Sustainable Amazonian Landscapes
Together, Peru and Colombia house 23% of the Amazon rainforest. These are two countries that are aware of their importance as providers of ecosystem services at the local, national, regional, and global levels. In order to conserve and sustainably utilize the benefits provided by this ecosystem, we must design viable land use and management alternatives which can reduce pressure on the Amazon rainforest and serve as an adaptation and mitigation strategy in the face of climate change. |
The objective of the project is to provide both national environmental authorities and local agricultural producers of Colombia and Peru with scientifically based evidence which elevates their capacity to both adapt to climate change and mitigate its effects, while at the same time improving environmental services and socioeconomic benefits for the agricultural producers. |
The departments of Loreto in Peru and Caquetá in Colombia have been selected as the sites where the project “Sustainable Amazonian Landscapes” is currently building upon initiatives that Peru and Colombia have undertaken to reduce deforestation, improve carbon sequestration, and strengthen local and national capacity for climate change adaptation.

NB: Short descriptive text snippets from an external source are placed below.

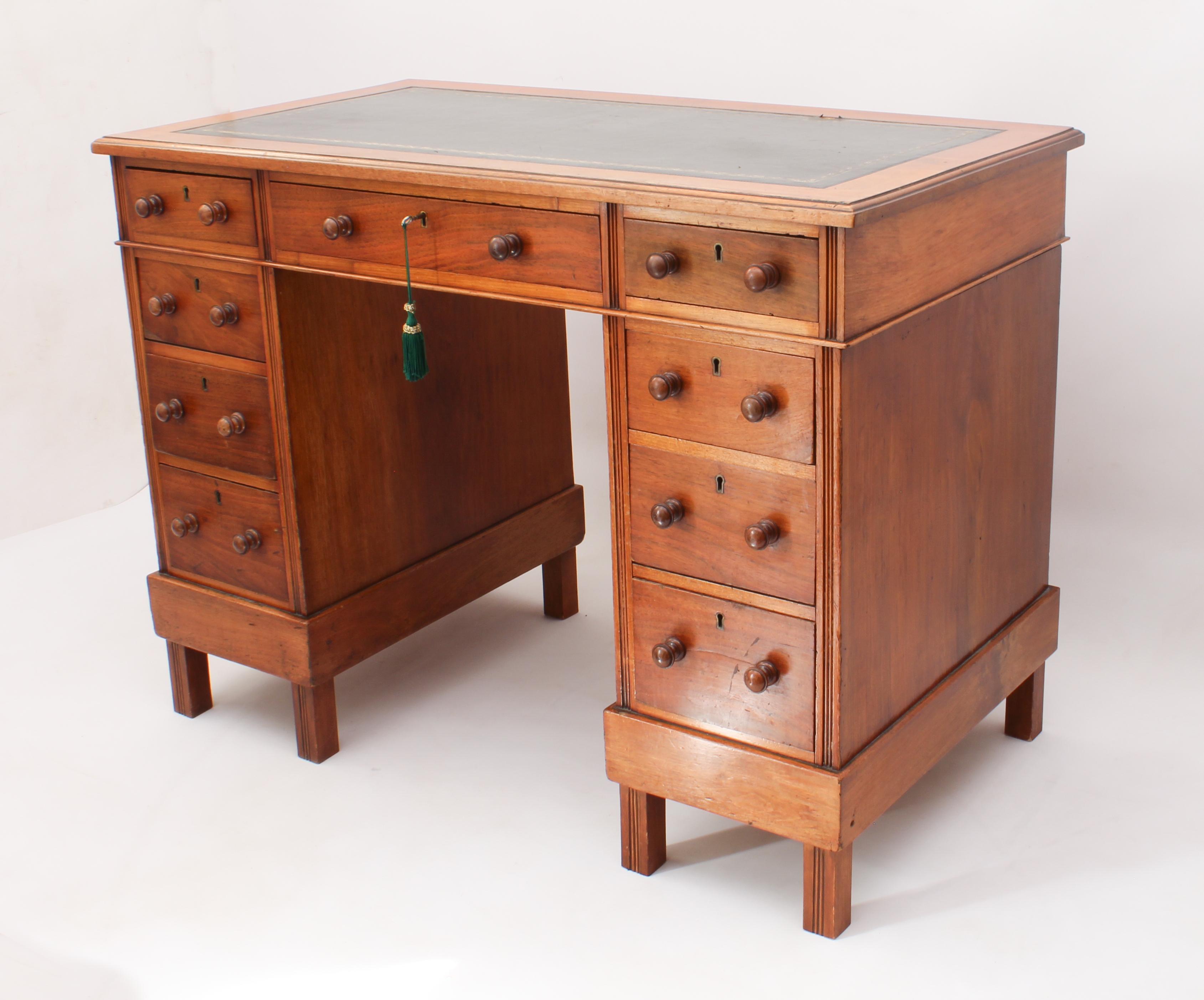 An Edwardian walnut double pedestal desk - the moulded top with inset gilt tooled green leather, - Image 2 of 6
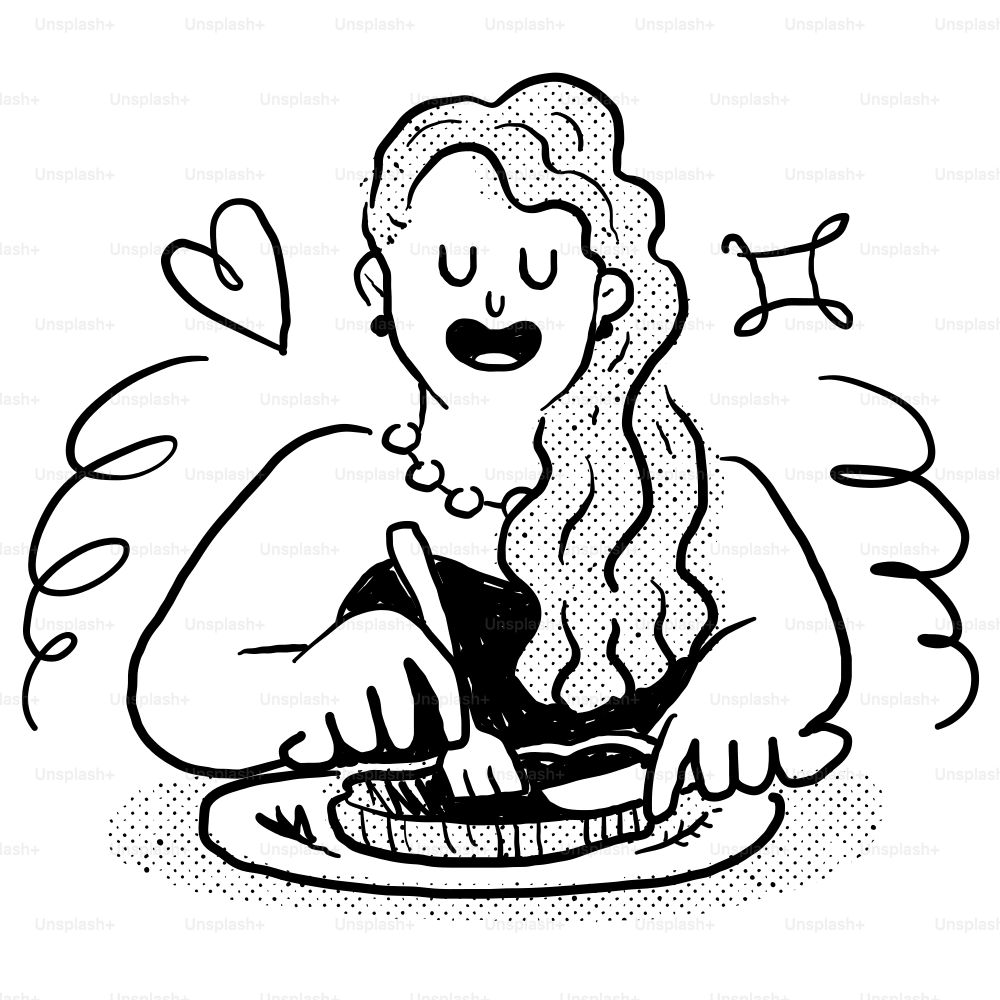 A drawing of a woman writing on a plate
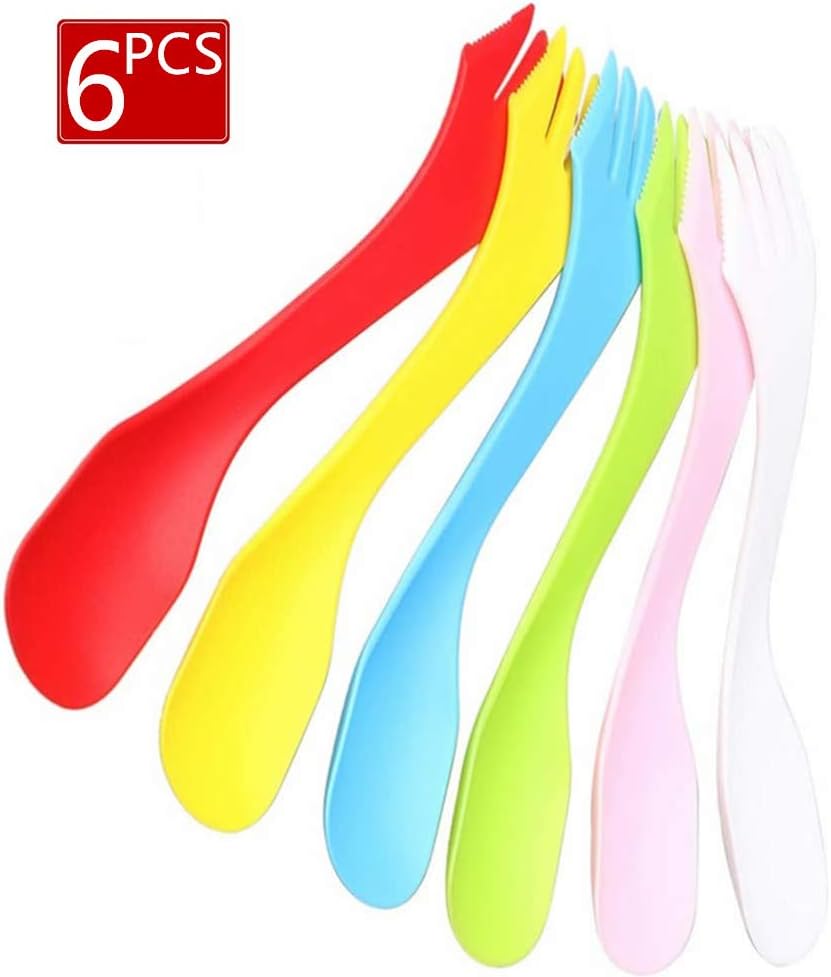 NA 6Pcs Plastic Spork Lightweight & Strong All In One Camping Cutlery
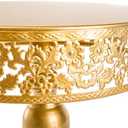 Jucoan 10 Pieces Gold Metal Cake Stand Set, Cupcake Holder Pastry Candy Fruits Serving Plate, Gold Dessert Table Stands and Trays Set for Wedding Birthday Baby Shower Bridal Christmas New Year Party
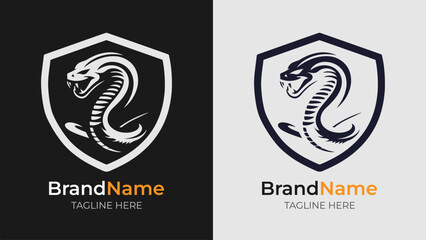 Stylized Angry Cobra Snake Logo. Stylized logo of a furious cobra snake, perfect for creating a strong brand presence with a minimalist design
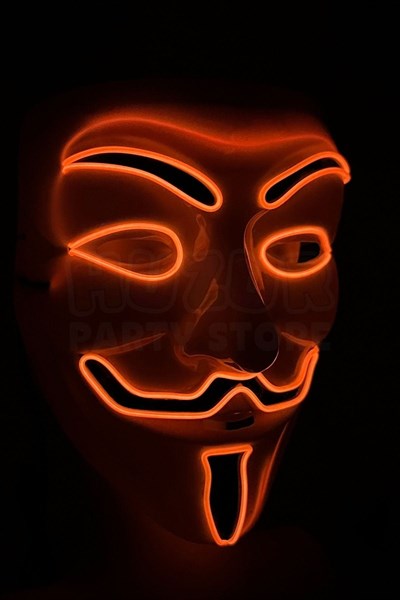 V For Vendatta Maske 3 Fonksiyonlu Turuncu Neon Işıklı Halloween Partisi Cadılar Bayramı Unisex Lüks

Making use of a landscape-based approach, the project aims to work together in a participatory manner with local rural communities, regional and national environmental authorities, and national and international research institutions, to design and validate agriculturally productive land use and management alternatives. Likewise, the project will also assess the potential role that these different alternatives could play within the various possible frameworks for development in the region, as well as their implications for national priorities in the face of climate change.

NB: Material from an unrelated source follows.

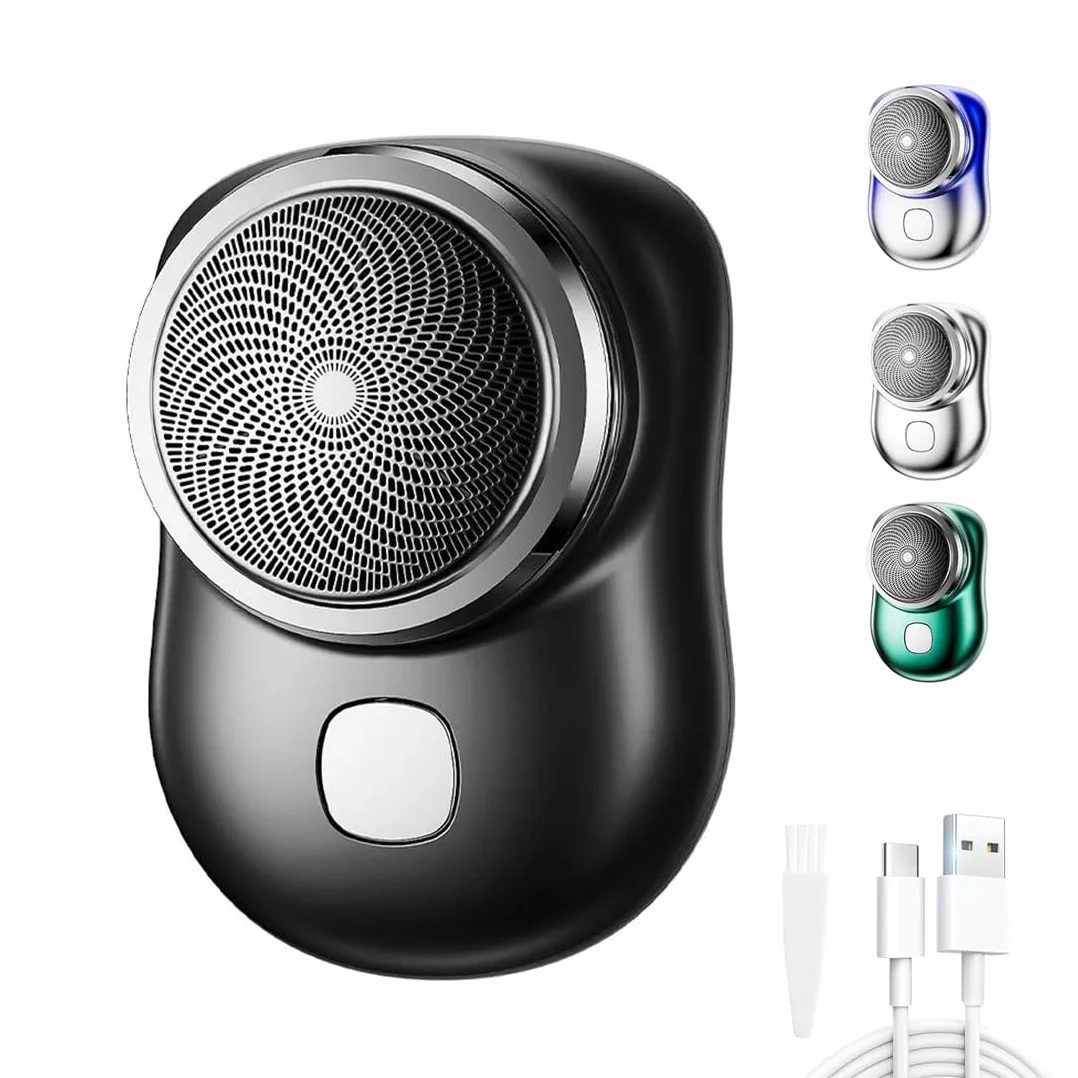 Mediawave Store - Mini Rasoio Elettrico da Uomo per Barba e Capelli, Rasoio Portatile da Viaggio Ricaricabile USB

The International Center for Tropical Agriculture (CIAT) is leading the implementation of this project, in which partners Potsdam Institute for Climate Impact Research (PIK), Amazon Institute of Scientific Research (SINCHI), Centre for Research on Sustainable Agricultural Production (CIPAV), Peruvian Amazon Research Institute (IIAP), University of the Amazon (Colombia), and National Agrarian University – La Molina (Peru) are committed to developing six outputs that will improve climate change adaptation and mitigation capacities within Amazonian communities and ecosystems:
- Establishment of an environmental and socioeconomic baseline of the currently deforested landscapes in Loreto and Caquetá.

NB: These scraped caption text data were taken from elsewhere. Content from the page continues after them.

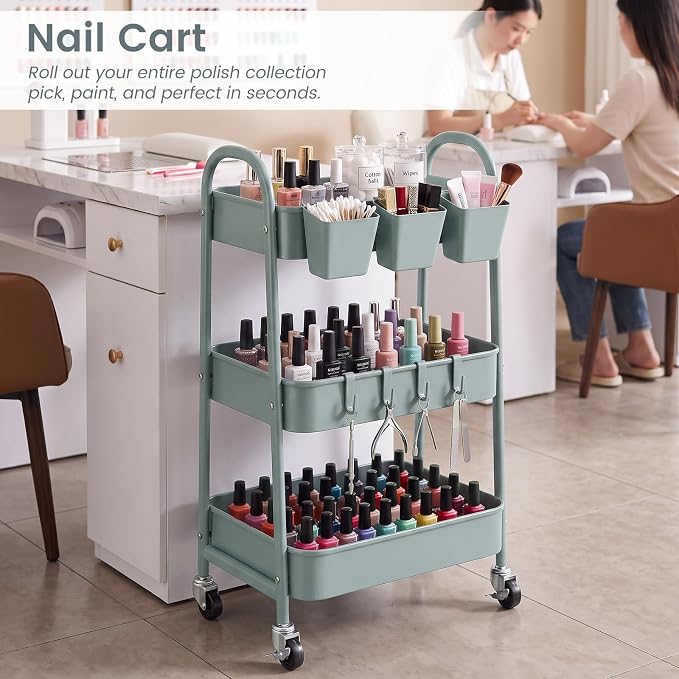 danpinera 3-Tier Rolling Cart, Utility Cart Mobile Metal Rolling Storage Cart with Lockable Wheels & Hanging Cups & Hooks for Kitchen, Bathroom, Office, Workshop, Gray Blue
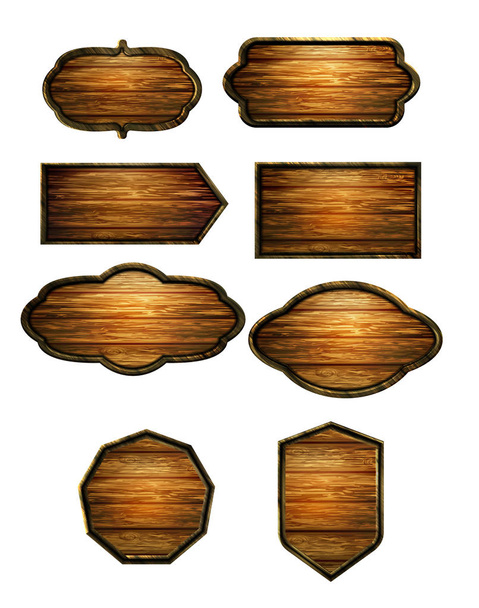 Векторна реалістична ілюстрація дерев'яної вивіски
 - Вектор, зображення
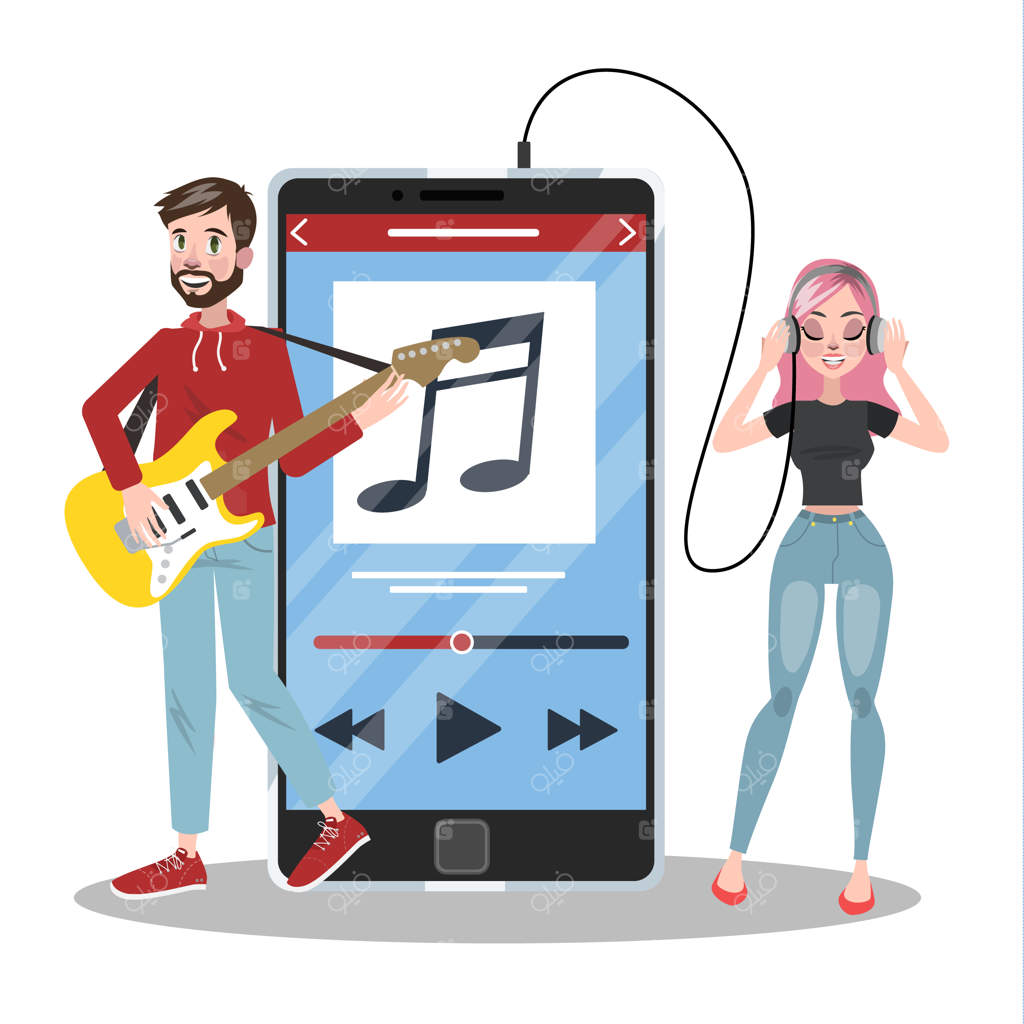 افرادی کنار یک تلفن هوشمند بزرگ ایستاده و با هدفون به موسیقی گوش می‌دهند. تلفن همراه به عنوان پخش‌کننده موسیقی. مفهوم تکنولوژی مدرن. تصویرسازی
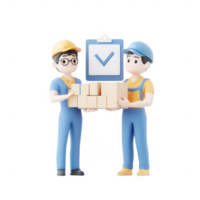 Two workers collaborating to ensure successful delivery processes with checklist. png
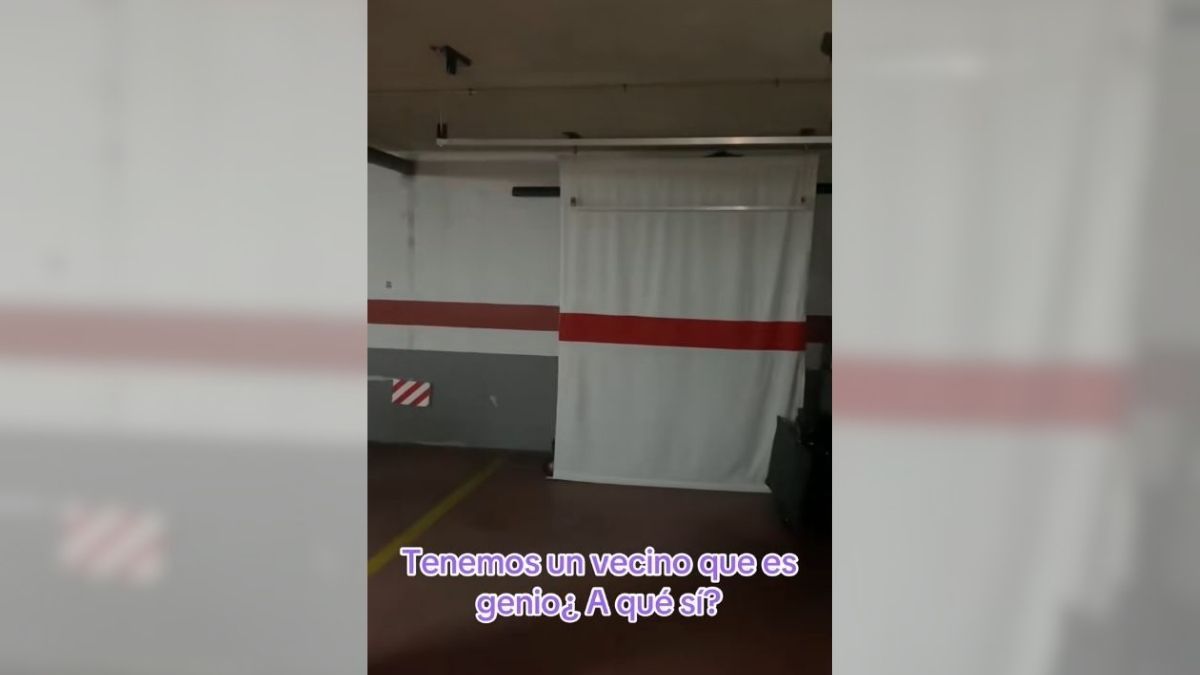 El garaje de un vecino Captura del vídeo de TikTok del garaje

- Development of sustainability indicators to assess the current status of the study sites and determine the impact of land use or management alternatives.
- Projection of potential impacts of climate change on crops, some key plant species, and hydrological ecosystem services.
- Participatory design and cost-effectiveness analysis of the sustainable land-use alternatives best suited to the climate change adaptation needs of the study sites.
- Identification and analysis of transition pathways towards sustainable development, as well as the effects of these pathways on the implementation of sustainable land use alternatives within climate change adaptation and mitigation schemes.
- Local validation of tools designed to monitor land cover changes, as well as capacity building in Peru on interpreting the detection of these changes. Validation and discussion, together with relevant national and subnational entities, of the project’s approaches, outcomes, and recommendations.
These outputs will allow us to obtain science-based information to aid with determining whether:
- Land use and management alternatives can contribute to climate change adaptation and mitigation.
- A landscape-based approach can reconcile agricultural activities with forest conservation.
- Sustainability can be assessed through indicators based on scientific evidence and local perceptions; and whether this, in turn, will facilitate dialogue with policy makers.